A alta nos juros levou a um ajuste nas taxas pagas pelas empresas nas emissões de debêntures, que ficaram mais atrativas para os investidores, diz Ignacio Lorenzo, superintendente-executivo do Santander. “Existe apetite do mercado para pôr o dinheiro para trabalhar”, afirma. Mas, com o grande número de ofertas previstas para o curto prazo, os investidores devem se manter mais seletivos, segundo Lorenzo.

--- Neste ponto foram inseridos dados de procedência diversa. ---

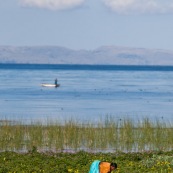 Culture au bord du lac Titicaca, avec femme péruvienne, paysanne, dans son champ. En arriere plan, barque de peche sur le lac avec pecheur. Pérou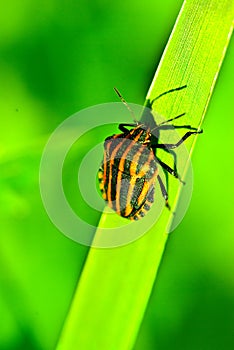 Bedbug on leaf photo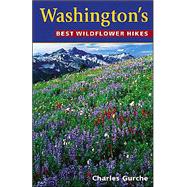 Washington's Best Wildflower Hikes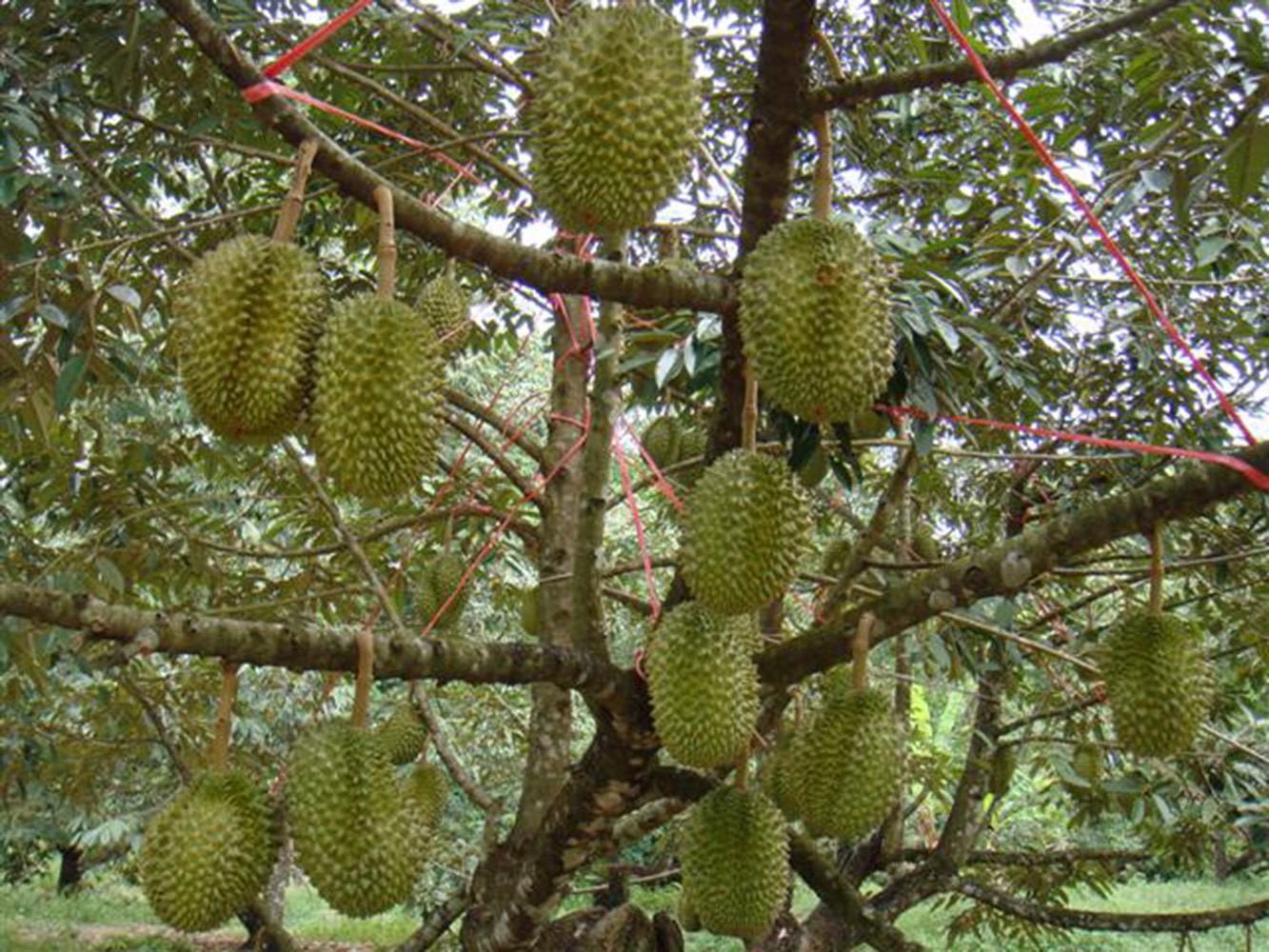 กรมวิชาการเกษตร แนะเกษตรกรวิธีผลิตทุเรียนคุณภาพในปี 2566 2 ทุเรียน 21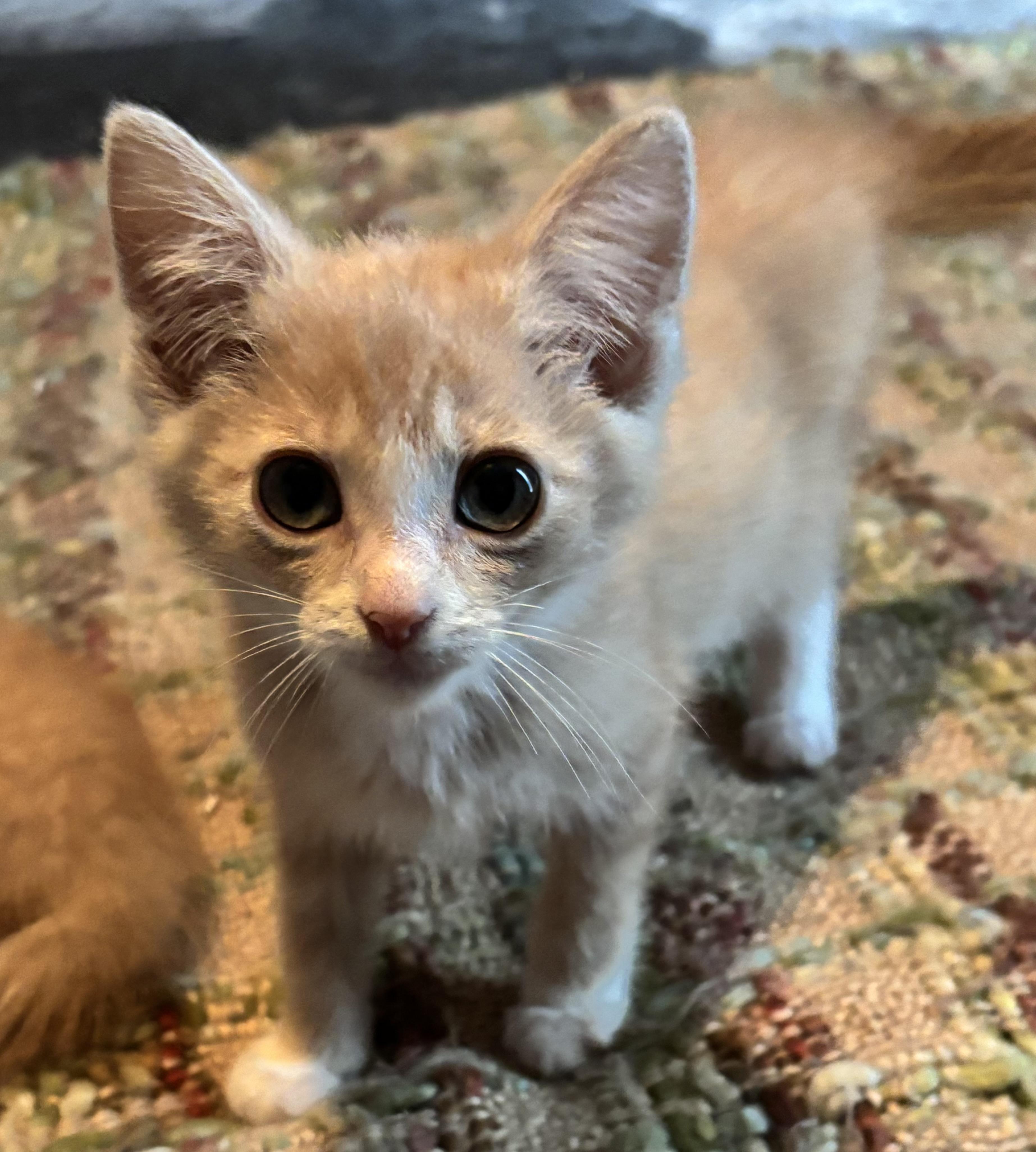 Socks, Adoptable, Kitten Male Domestic Short Hair.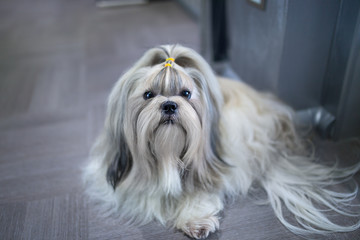 Shih tzu dog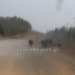 Λαμία: Αγριογούρουνα πάνω στις γραμμές του τρένου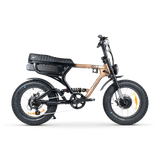 ACE-X Demon Dual Electric Bike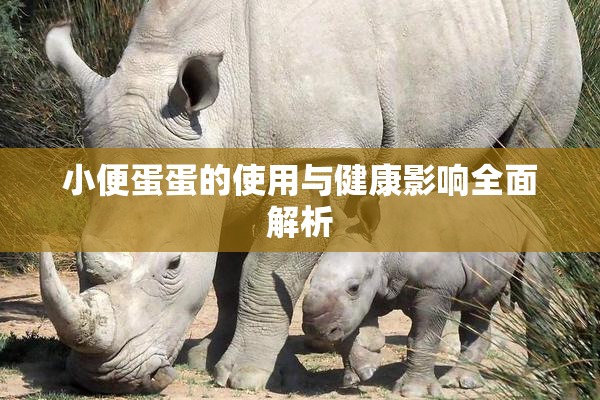 小便蛋蛋的使用与健康影响全面解析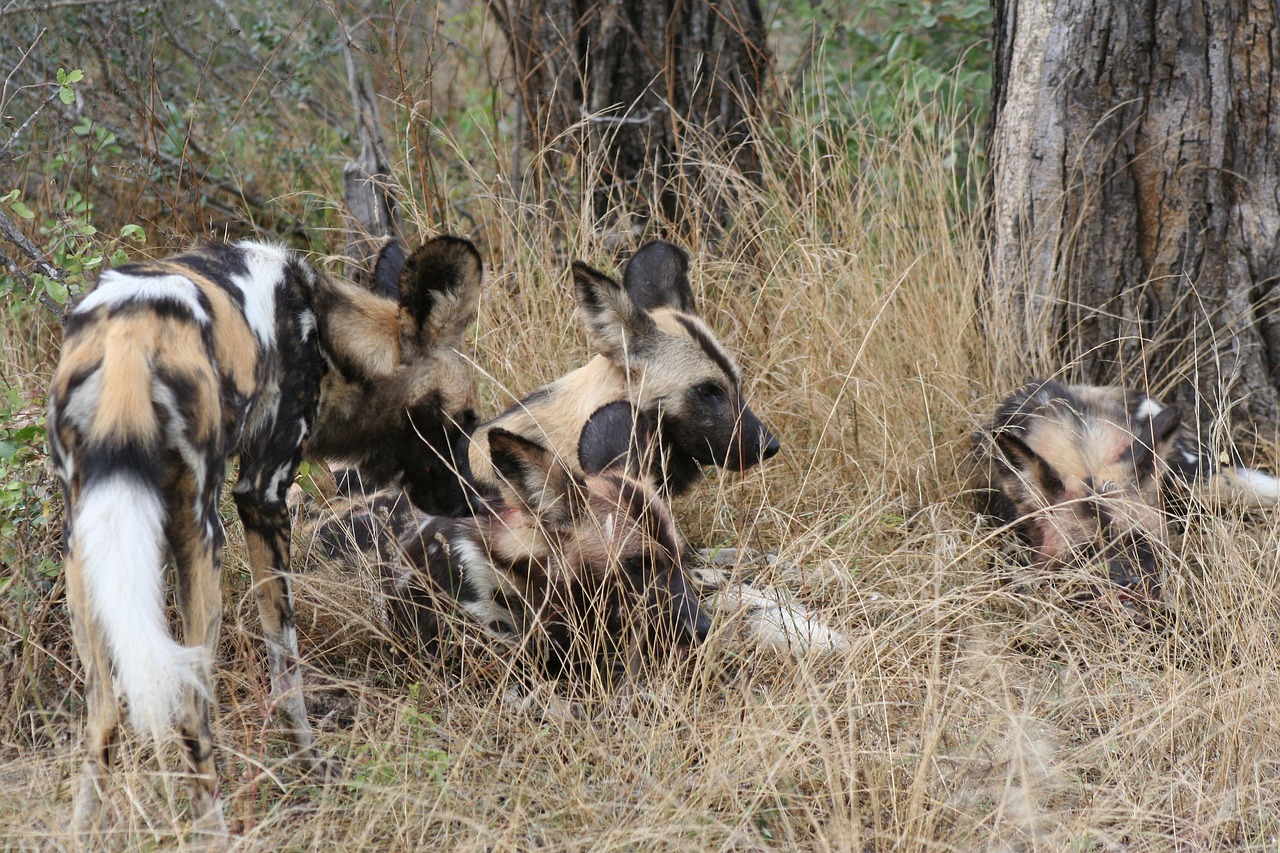 african wild dog  africa  nature free photo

Os grandes investidores institucionais, como fundos de investimento e de pensão, são os principais compradores de debêntures. Nas emissões destinadas a financiar projetos de infraestrutura, o foco se concentra nas pessoas físicas, em razão da isenção fiscal. Foi o que ocorreu na oferta da Vale, que contou com a participação de mais de 3 mil investidores.

As debêntures incentivadas devem ser um dos destaques ao longo deste ano, afirma o advogado Ricardo Simões Russo, sócio do Pinheiro Neto Advogados. O escritório trabalha atualmente em quatro emissões de infraestrutura, uma delas de grande porte. “Serão operações de projetos muito sólidos ou que contam com sócios fortes”, diz.

As captações com títulos de infraestrutura são uma das apostas do governo para ampliar as fontes de financiamento de longo prazo na economia brasileira. A expectativa é que a oferta da Vale anime outras empresas de grande porte a se valer do instrumento. A operação mais esperada é a da Petrobras, que sozinha pode movimentar pelo menos R$ 3 bilhões.

Um dos desafios é atrair o capital externo para as debêntures de infraestrutura. A principal concorrência vem do próprio governo, já que os títulos públicos também oferecem isenção fiscal para o investidor estrangeiro e contam com maior liquidez.

 

Fonte: Valor Econômico de 13.3.2014.